The hardware means the physical realization of the components of the tracking system. It includes the number of components, and the size and weight of those components, especially those that the user is required to carry (or wear). Some systems may have a significant amount of hardware that must be set up in the environment, although it may need no further attention from the user once in position. Ideally, the application would like to give the user complete freedom of movement. Some devices tether the user to a fixed object. Some systems may have a heavy or unwieldy device which the user must manipulate in order to move. Some devices have a tendency to pull the user back to a “resting position” for the device. The hardware also determines the biggest part of the costs and therefore is very often a decisive factor for the choice of the applied motion tracking system

Non-vision Based Motion Capture

In non-vision based systems, sensors are attached to the human body to collect movement information. Some of them have a small sensing footprint that they can detect small changes such as finger or toe movement (Hu, A survey – human movement tracking and stroke rehabilitation, 1996). Each kind of sensor has advantages and limitations (Hu, A survey – human movement tracking and stroke rehabilitation, 1997).

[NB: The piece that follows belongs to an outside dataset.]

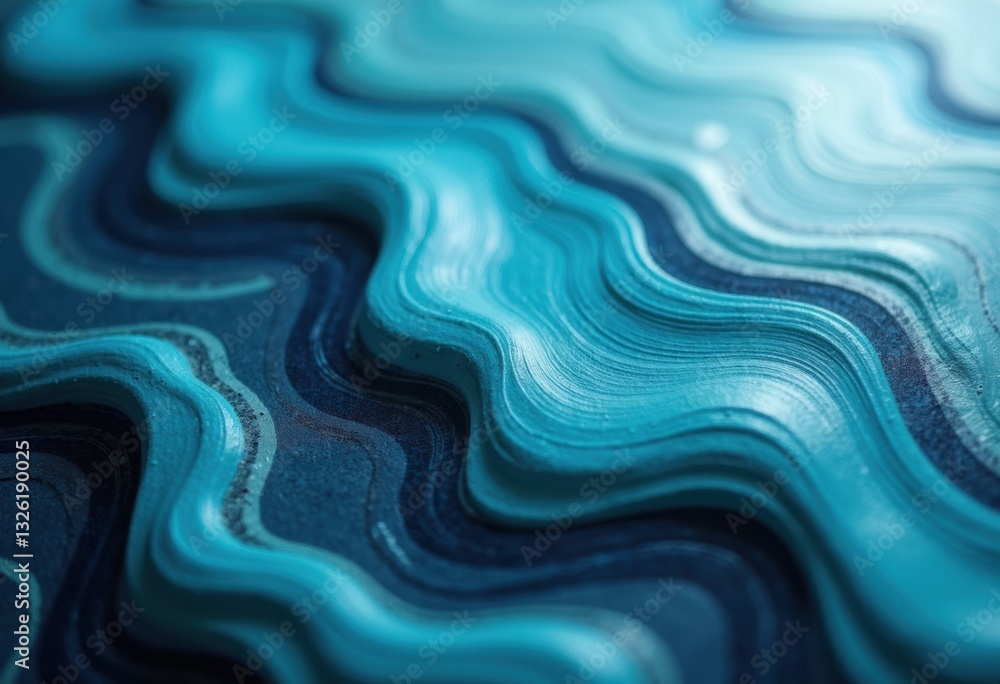 Poster abstract wavy patterns in shades of blue and teal create a mesmerizing visual effect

Advantages of magnetic trackers:

  • real-time data output can provide immediate feedback
  • no post processing is required
  • they are less expensive than optical systems
  • no occlusion problem is observed
  • multiple performers are possible

Disadvantages of magnetic trackers:

  • the trackers are sensitivity to metal objects
  • cables restricts the performers
  • they provide lower sampling rate than some optical systems
  • the marker configurations are difficult to change

Advantages of electromechanical body suits:

  • they are less expensive than optical and magnetic systems
  • real-time data is possible
  • no occlusion problem is observed
  • multiple performers are possible

Disadvantages of electromechanical body suits:

  • they provide lower sampling rate
  • they are difficult to use due to the amount of hardware
  • configuration of sensors is fixed

Vision-Based Motion Capture with Markers

In 1973, Johansson explored his famous Moving Light Display (MLD) psychological experiment to perceive biological motion (Johansson). In the experiment, small reflective markers are attached to the joints of the human performers. When the patterns of the movements are observed, the integration of the signals coming from the markers resulted in recognition of actions. Although the method faces the challenges such as errors, non-robustness and expensive computation due to environmental constraints, mutual occlusion and complicated processing, many marker based tracking systems are available in the market. This is a technique that uses optical sensors, e.g. cameras, to track human movements, which are captured by placing markers upon the human body. Human skeleton is a highly articulated structure and moves in three-dimension. For this reason, each body part continuously moves in and out of occlusion from the view of the cameras, resulting in inconsistent and unreliable motion data of the human body. One major drawback of using optical sensors and markers, they cannot sense joint rotation accurately. This is a major drawback in representing a real 3D model (Hu, A survey – human movement tracking and stroke rehabilitation, 1997). Optical systems have advantages and limitations (Perales, 2001).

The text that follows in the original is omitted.